A useful Warranty/Service Plan

This is where Apple fails the most for corporate adoption. The AppleCare warranty is one-size fits none. It covers almost nothing of value. Sure, if there is a mechanical failure or something goes wrong on the laptop due to its component parts, that’s covered. Super. Everyone covers that. But AppleCare is only an extension of the 1 year warranty that comes with a Mac. And, for some reason, there are different ones for different computers.
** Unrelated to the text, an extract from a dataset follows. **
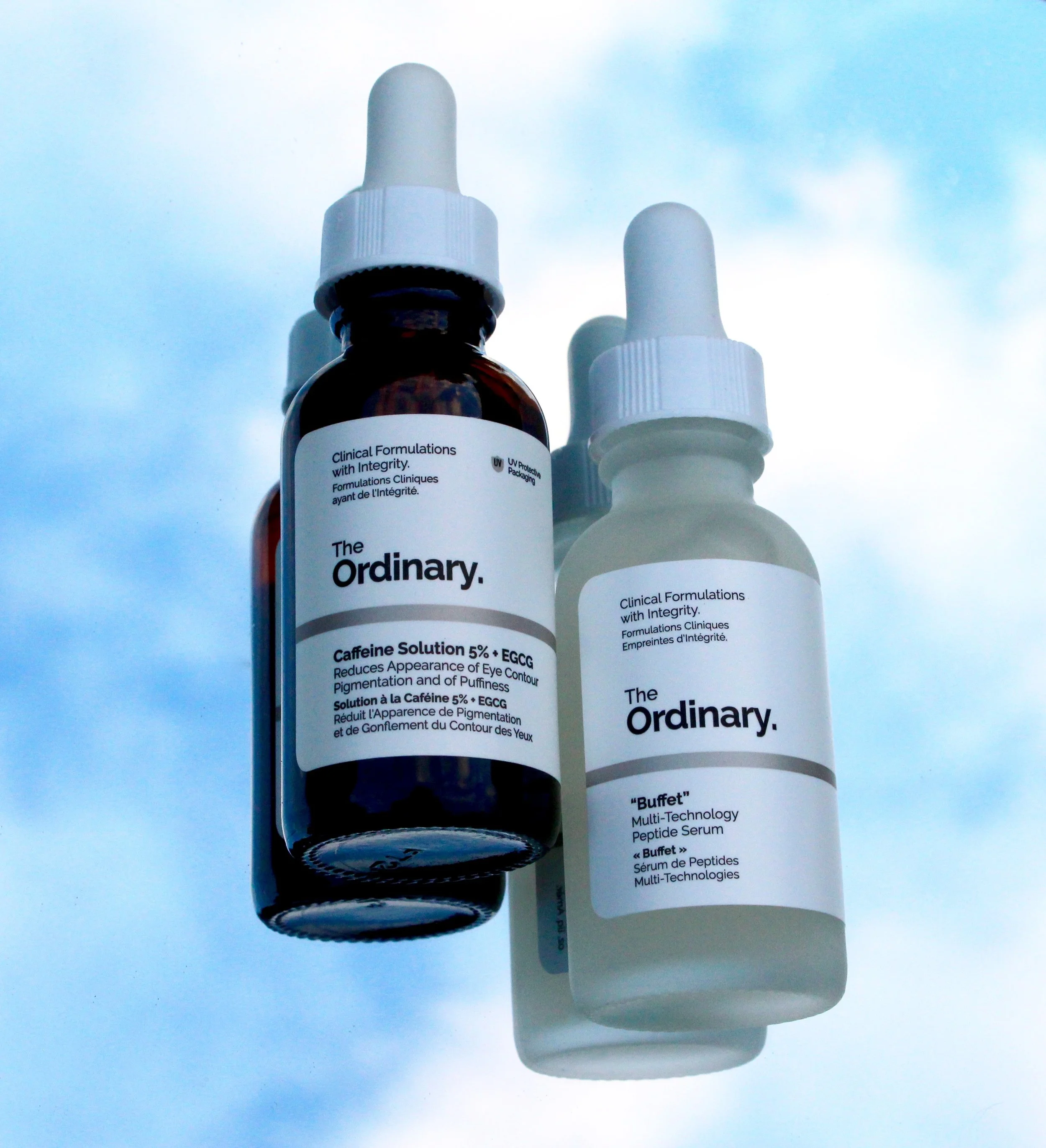 Pharmacological bottles of skincare serum with white caps, one with a label reading 'The Ordinary' and the other with text in French, set against a light blue background.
When I tried to register my AppleCare plan it was a major pain, because our reseller sold us the AppleCare plan for the MacBook, not the MacBook Pro. Kidding me? And the Web site for registration doesn’t actually tell you that’s the problem, it just gives you some generic error message. So you have to call a guy. And spend all day on the phone with him. And he also can’t conceive that someone could buy a Mac from anywhere but an Apple Store, and he can’t conceive of a corporate purchasing department having information such as “purchase date” and “invoice” and not the individual user. Because they aren’t wired to think that anyone but hipsters and college kids are using their products. And that’s a huge problem.

Back on the warranty, accidents happen. But in Apple-world, accidents better not happen or you’re paying a third of the cost of the laptop to get it repaired. Dell has our whole company covered 24X7X4, and if some sales rep in BFE drops her Inspiron out a window she has a replacement 2 days later. This level of coverage simply does not exist for the corporate Apple user.

Wrapping it up

So Apple is certainly not ready to be Dell. Maybe they don’t want to be, and if that’s the case, then fine. But it’s a shame, because they make an amazing machine for business use. Personally, I don’t ever want to go back to WinTel boxes, but the fact is, the amazing user experience I’ve had with this MBP is overshadowed by the horrible ownership and support experience, such that now there is no way my boss (and I agree with him) can support moving my development team to Mac. And that’s just sad.

Apple, I beg you, get your act together, gather up some people on the outside that can tell you what it takes to gain ground in business use, and stop treating your business customers like your home customers. I want to be able to use your products in the corporate world. I really do. But you aren’t ready for it.